Top of EXERCISE DATA

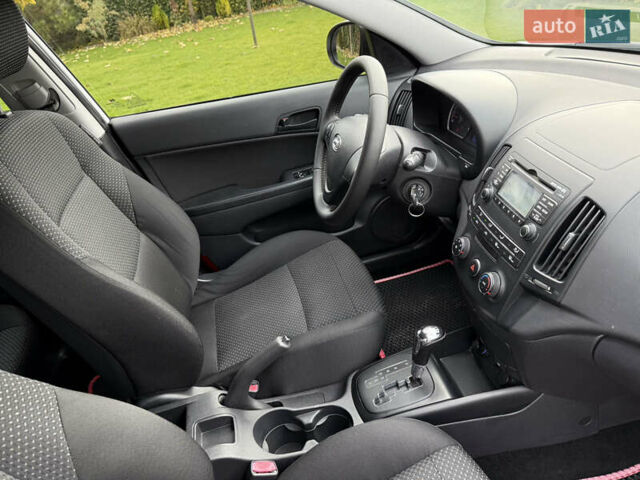 Белый Хендай i30, объемом двигателя 1.6 л и пробегом 164 тыс. км за 7500 $, фото 12 на Automoto.ua
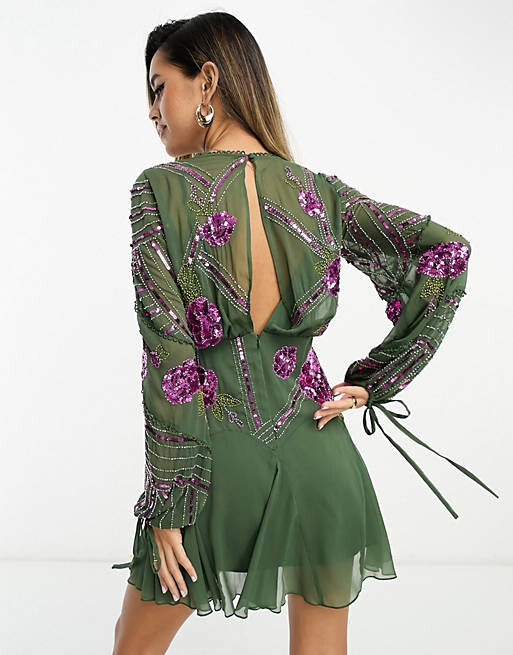 Зеленое платье мини с длинными рукавами и кружевными вставками и годе ASOS DESIGN
Зеленое платье мини с длинными рукавами и кружевными вставками и годе ASOS DESIGN
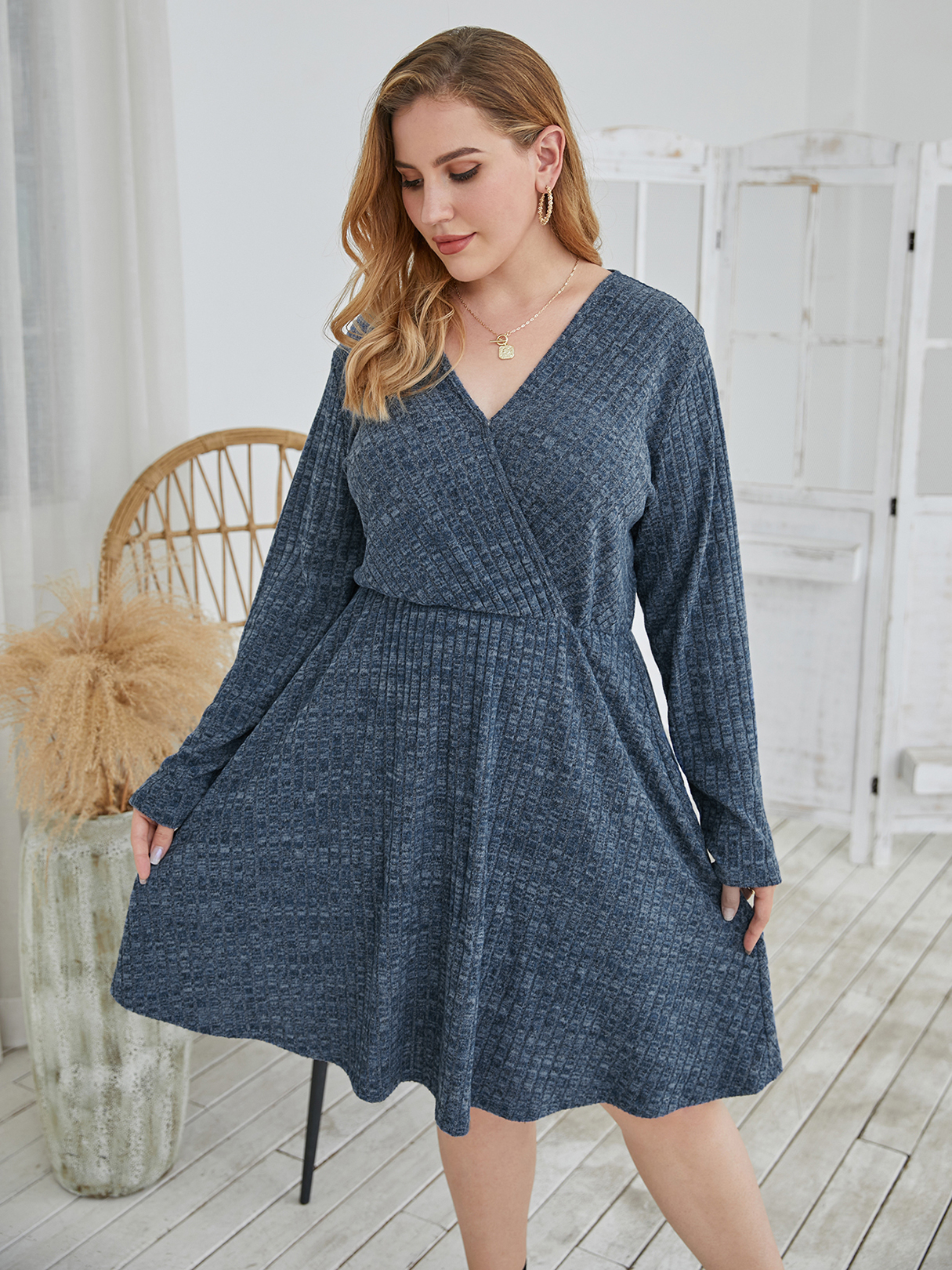 Plus Size V-Ausschnitt Wickeldesign Lange Ärmel Midi Kleid günstig online kaufen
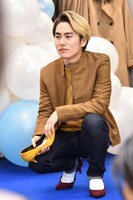 パンプスを履いたままスタンバイする泉大智。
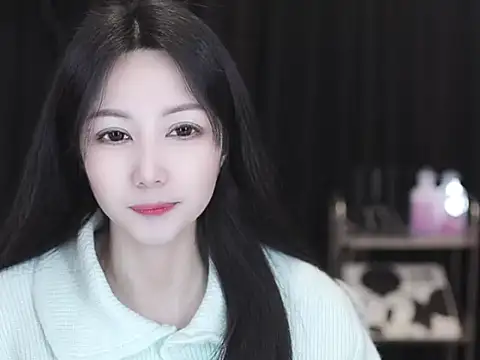 Nuyoah-77 online show from March 3, 2026, 2:24 pm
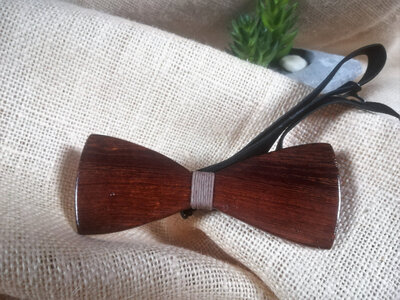 Nœud papillon bois de merisier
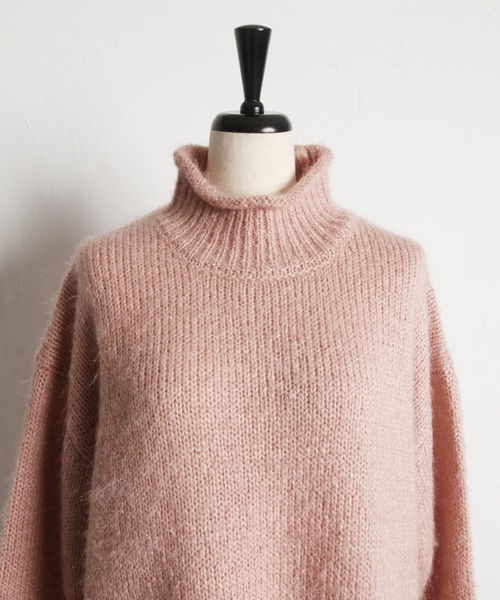 tocco closet(トッコ クローゼット)の「ハイネックドロップショルダーニットプルオーバー(ニット/セーター・レディース・ピンク/オフホワイト・M)」の17枚目の写真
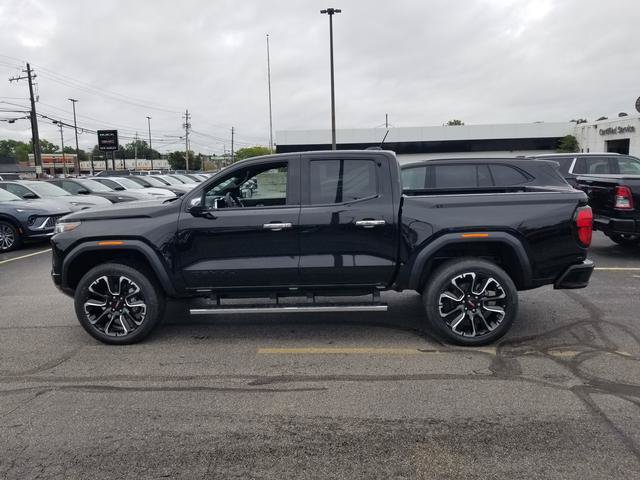 New 2026 GMC Canyon Denali w/ LPO, Black Badging Package AWD/4WD image 4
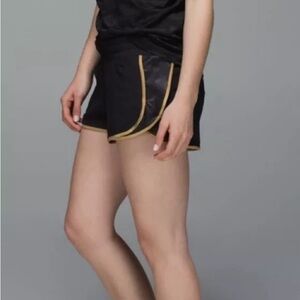 Lululemon Super Squad Short Black / Gold Size 4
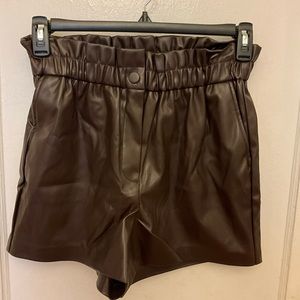 New LAUNDRY by Shelli Segal Shorts Women Faux Leather Paper Bag Shorts.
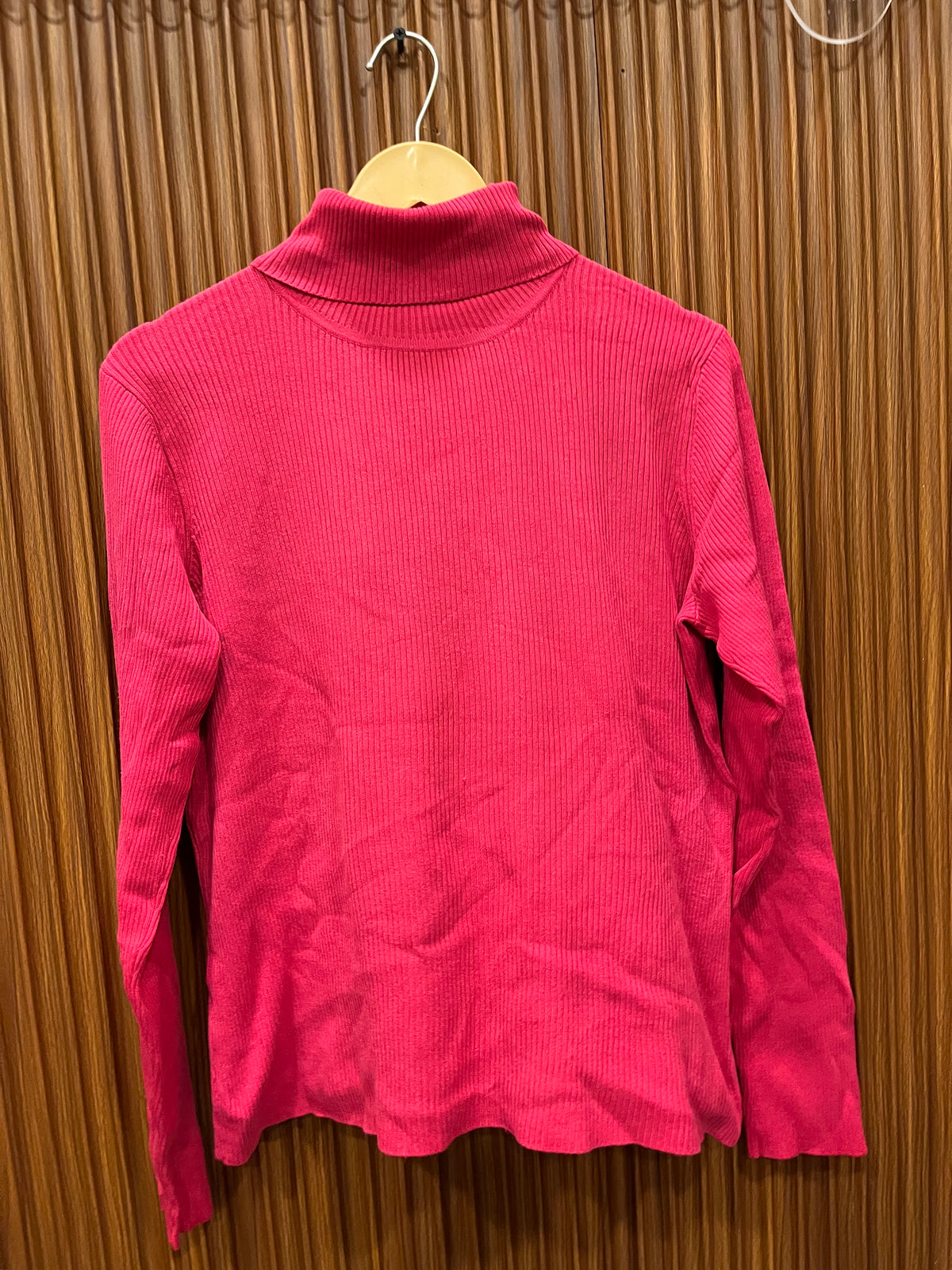 Chest 20 Length 23 | branded woman high neck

Bottom of EXERCISE DATA

* THE PROBLEM *
Set the records down again exactly, and omit any picture in them.

* RESULT OF THE EXERCISE *
 Белый Хендай i30, объемом двигателя 1.6 л и пробегом 164 тыс. км за 7500 $, фото 12 на Automoto.ua
 Зеленое платье мини с длинными рукавами и кружевными вставками и годе ASOS DESIGN
Зеленое платье мини с длинными рукавами и кружевными вставками и годе ASOS DESIGN
 Plus Size V-Ausschnitt Wickeldesign Lange Ärmel Midi Kleid günstig online kaufen
 パンプスを履いたままスタンバイする泉大智。
 Nuyoah-77 online show from March 3, 2026, 2:24 pm
 Nœud papillon bois de merisier
 tocco closet(トッコ クローゼット)の「ハイネックドロップショルダーニットプルオーバー(ニット/セーター・レディース・ピンク/オフホワイト・M)」の17枚目の写真
 New 2026 GMC Canyon Denali w/ LPO, Black Badging Package AWD/4WD image 4
 Lululemon Super Squad Short Black / Gold Size 4
 New LAUNDRY by Shelli Segal Shorts Women Faux Leather Paper Bag Shorts.
 Chest 20 Length 23 | branded woman high neck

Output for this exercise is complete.